Caption-style text data
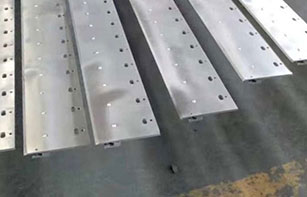 Stainless Steel KF Holders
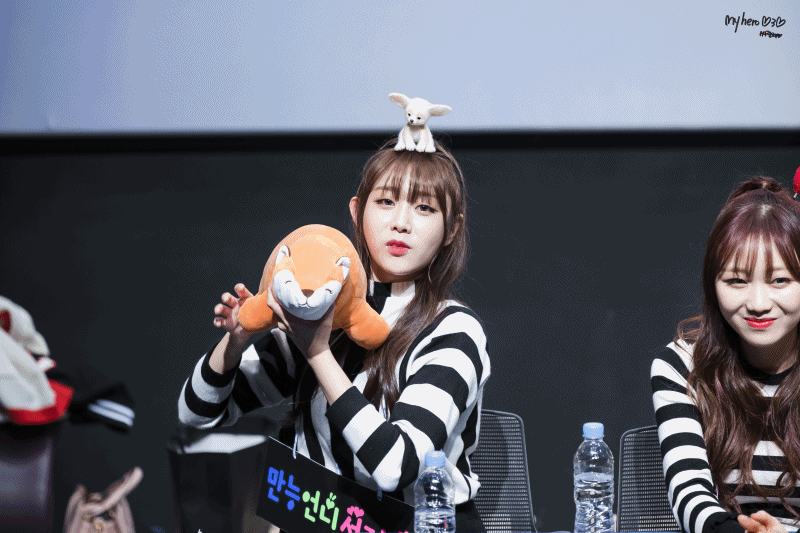 [러블리즈] 지수 | 인스티즈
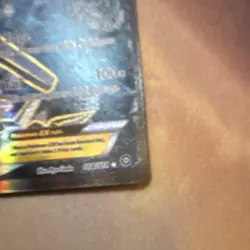 Pokemon Steelix EX Full Art Ultra Rare Holo Card XY Steam Siege 108/114 180HP - Image 5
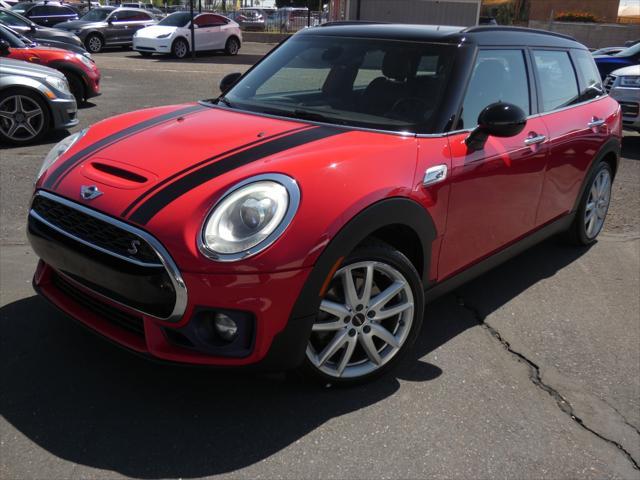 used 2016 MINI Clubman car, priced at $11,400
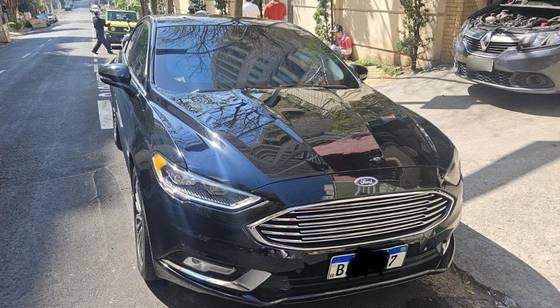 FORD FUSION 2.0 TITANIUM AWD 16V GASOLINA 4P AUTOMÁTICO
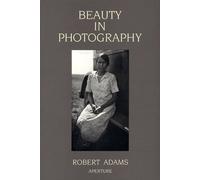 Robert Adams Beauty in Photography (Tascabile)
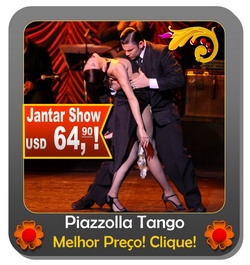 Tango Jantar Show Buenos Aires Piazzolla Tango mais_informacao e ingressos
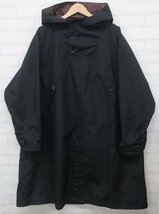 2J9917/ブラックサイン スリッカーコート BLACK SIGN Slicker Coat_画像2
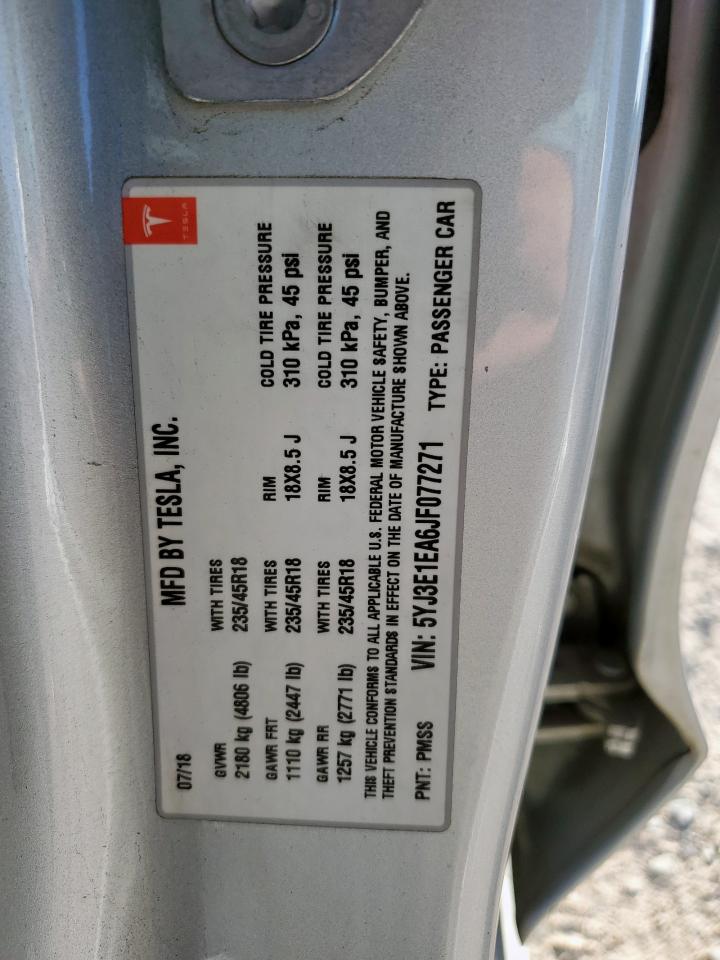 Tesla Model 3 Image 8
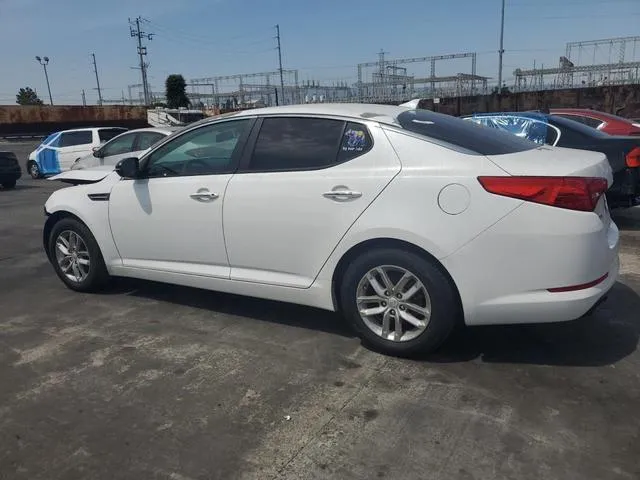 5XXGM4A7XDG233569 2013 2013 KIA Optima- LX 2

◆ WHAT IS NEEDED
Transcribe all of the data above verbatim but omit every picture.

◆ TASK SOLUTION
 Stainless Steel KF Holders
 [러블리즈] 지수 | 인스티즈
 Pokemon Steelix EX Full Art Ultra Rare Holo Card XY Steam Siege 108/114 180HP - Image 5
 used 2016 MINI Clubman car, priced at $11,400
 FORD FUSION 2.0 TITANIUM AWD 16V GASOLINA 4P AUTOMÁTICO
 Robert Adams Beauty in Photography (Tascabile)
 Tango Jantar Show Buenos Aires Piazzolla Tango mais_informacao e ingressos
 2J9917/ブラックサイン スリッカーコート BLACK SIGN Slicker Coat_画像2
 Tesla Model 3 Image 8
 5XXGM4A7XDG233569 2013 2013 KIA Optima- LX 2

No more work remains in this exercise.